The weight average molecular weight of the macromonomer is in the range of 100 to 100,000, and preferably in the range of 1,000 to 10,000. When the weight average molecular weight of the macromonomer is less than 100, the properties of the toner may not be improved or the macromonomer may not operate properly as a stabilizer. Also, when the weight average molecular weight of the macromonomer is greater than 100,000, a reaction conversion rate may be low.

The macromonomer may be, for example, a material selected from the group consisting of polyethylene glycol (PEG)-methacrylate, PEG-ethyl ether methacrylate, PEG-dimethacrylate, PEG-modified urethane, PEG-modified polyester, polyacrylamide (PAM), PEG-hydroxyethyl methacrylate, hexafunctional polyester acrylate, dendritic polyester acrylate , carboxy polyester acrylate, fatty acid modified epoxy acrylate and polyester methacrylate, but is not limited thereto.

The amount of the macromonomer may be in the range of 1 to 50 parts by weight based on 100 parts by weight of the toner composition. When the amount of the macromonomer is less than 1 part by weight based on 100 parts by weight of the toner composition, the stability of the particle distribution is low, and when the amount of the macromonomer exceeds 50 parts by weight based on 100 parts by weight of the toner composition, the property of the toner deteriorates.
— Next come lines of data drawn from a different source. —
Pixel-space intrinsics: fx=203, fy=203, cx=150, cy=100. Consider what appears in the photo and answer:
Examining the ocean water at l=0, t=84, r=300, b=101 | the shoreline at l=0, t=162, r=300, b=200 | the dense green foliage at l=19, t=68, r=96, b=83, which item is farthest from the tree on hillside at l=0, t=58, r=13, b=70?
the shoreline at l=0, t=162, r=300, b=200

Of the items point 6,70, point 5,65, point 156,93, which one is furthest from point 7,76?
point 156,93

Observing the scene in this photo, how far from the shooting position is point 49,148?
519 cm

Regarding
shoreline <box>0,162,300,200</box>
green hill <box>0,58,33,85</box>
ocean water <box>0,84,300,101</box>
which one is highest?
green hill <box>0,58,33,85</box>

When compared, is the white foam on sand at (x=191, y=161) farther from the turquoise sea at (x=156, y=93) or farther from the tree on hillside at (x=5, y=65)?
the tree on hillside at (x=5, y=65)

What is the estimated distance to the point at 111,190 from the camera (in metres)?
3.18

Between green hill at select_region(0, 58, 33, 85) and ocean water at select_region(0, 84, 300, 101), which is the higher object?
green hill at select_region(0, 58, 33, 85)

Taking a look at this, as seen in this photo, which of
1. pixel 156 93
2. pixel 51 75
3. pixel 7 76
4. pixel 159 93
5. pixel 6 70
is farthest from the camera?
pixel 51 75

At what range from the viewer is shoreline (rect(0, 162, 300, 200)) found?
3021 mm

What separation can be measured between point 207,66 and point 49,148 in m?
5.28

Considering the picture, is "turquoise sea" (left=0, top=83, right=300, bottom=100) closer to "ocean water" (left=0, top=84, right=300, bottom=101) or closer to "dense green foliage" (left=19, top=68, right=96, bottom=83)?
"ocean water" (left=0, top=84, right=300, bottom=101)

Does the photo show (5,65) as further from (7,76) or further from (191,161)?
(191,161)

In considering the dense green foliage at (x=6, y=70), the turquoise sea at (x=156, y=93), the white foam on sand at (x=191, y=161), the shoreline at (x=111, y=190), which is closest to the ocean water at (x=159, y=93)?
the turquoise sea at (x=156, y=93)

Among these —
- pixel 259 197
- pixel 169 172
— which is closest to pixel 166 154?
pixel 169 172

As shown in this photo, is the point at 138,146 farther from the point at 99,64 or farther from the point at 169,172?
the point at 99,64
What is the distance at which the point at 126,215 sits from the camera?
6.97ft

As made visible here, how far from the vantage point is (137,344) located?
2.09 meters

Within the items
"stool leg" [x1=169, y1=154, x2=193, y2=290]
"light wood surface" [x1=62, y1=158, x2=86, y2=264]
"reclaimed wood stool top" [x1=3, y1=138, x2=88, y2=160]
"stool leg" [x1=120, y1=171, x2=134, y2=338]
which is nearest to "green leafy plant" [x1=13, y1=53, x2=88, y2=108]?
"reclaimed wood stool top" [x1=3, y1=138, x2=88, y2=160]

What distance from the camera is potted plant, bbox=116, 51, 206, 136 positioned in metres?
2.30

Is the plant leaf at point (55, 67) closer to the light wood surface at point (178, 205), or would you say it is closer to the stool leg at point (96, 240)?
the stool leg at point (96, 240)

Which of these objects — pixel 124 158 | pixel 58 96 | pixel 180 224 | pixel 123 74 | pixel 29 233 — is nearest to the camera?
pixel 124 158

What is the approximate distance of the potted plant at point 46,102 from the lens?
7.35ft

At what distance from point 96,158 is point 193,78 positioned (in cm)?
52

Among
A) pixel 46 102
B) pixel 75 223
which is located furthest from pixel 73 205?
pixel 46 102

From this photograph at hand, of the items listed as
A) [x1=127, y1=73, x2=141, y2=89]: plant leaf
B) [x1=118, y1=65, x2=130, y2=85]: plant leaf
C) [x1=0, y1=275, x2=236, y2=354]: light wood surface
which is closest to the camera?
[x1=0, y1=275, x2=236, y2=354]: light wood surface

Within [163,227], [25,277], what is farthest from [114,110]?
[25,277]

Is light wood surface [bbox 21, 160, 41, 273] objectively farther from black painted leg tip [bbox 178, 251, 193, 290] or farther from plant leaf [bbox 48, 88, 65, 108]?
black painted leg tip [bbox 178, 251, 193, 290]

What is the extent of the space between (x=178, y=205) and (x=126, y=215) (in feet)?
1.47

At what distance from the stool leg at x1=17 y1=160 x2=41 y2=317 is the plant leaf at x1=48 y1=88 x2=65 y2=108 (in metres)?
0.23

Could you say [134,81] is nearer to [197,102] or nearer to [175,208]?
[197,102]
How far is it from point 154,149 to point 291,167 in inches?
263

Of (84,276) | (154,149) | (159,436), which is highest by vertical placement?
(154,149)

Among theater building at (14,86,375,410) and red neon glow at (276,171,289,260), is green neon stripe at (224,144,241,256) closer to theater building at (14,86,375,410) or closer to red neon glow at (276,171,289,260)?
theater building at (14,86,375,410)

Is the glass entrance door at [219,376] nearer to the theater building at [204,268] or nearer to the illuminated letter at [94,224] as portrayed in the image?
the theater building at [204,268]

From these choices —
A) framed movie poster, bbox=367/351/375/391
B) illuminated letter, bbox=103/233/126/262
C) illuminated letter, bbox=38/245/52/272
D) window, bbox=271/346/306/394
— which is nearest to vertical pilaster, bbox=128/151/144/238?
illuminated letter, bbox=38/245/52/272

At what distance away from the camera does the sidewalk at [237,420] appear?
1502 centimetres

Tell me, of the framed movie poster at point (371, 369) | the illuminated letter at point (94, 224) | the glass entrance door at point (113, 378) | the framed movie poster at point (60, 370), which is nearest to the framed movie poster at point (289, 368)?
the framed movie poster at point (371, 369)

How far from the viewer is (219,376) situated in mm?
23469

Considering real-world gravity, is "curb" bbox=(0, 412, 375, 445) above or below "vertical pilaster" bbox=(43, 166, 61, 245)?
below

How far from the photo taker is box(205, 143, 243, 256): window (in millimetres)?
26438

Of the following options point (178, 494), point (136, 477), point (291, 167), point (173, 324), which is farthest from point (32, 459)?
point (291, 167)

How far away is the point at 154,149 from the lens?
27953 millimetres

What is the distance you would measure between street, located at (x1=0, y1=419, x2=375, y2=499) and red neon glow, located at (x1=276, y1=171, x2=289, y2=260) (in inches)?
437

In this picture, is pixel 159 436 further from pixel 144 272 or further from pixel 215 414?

Radicals in the toner composition are formed by the initiator, and the radical may react with the polymerizable monomer. The radical reacts with the polymerizable monomer and the reactive functional group of the macromonomer to form a copolymer.

Examples of the radical polymerized initiator include persulfates, such as potassium persulfate, ammonium persulfate, etc.; azo compounds, such as 4,4-azobis (4-cyanovaleric acid), dimethyl-2,2′-azobis (2-methylpropionate), 2,2-azobis (2-amidinopropane) dihydrochloride, 2,2-azobis-2-methyl-N-1,1-bis (hydroxymethyl)-2-hydroxyethylpropionamide, 2,2′-azobis (2,4-dimethylvaleronitrile), 2,2′-azobisisobutyronitrile, 1,1′-azobis (1-cyclohexanecarbonitrile), etc.; peroxides, such as methylethylperoxide, di-t-butylperoxide, acetylperoxide, dicumylperoxide, lauroylperoxide, benzoylperoxide, t-butylperoxide-2-ethylhexanoate, di-isopropylperoxydicarbonate, di-t-butylperoxyisophthalate, etc. Also, an oxidation-reduction initiator may be used, which is a combination of a polymerized initiator and a reducing agent.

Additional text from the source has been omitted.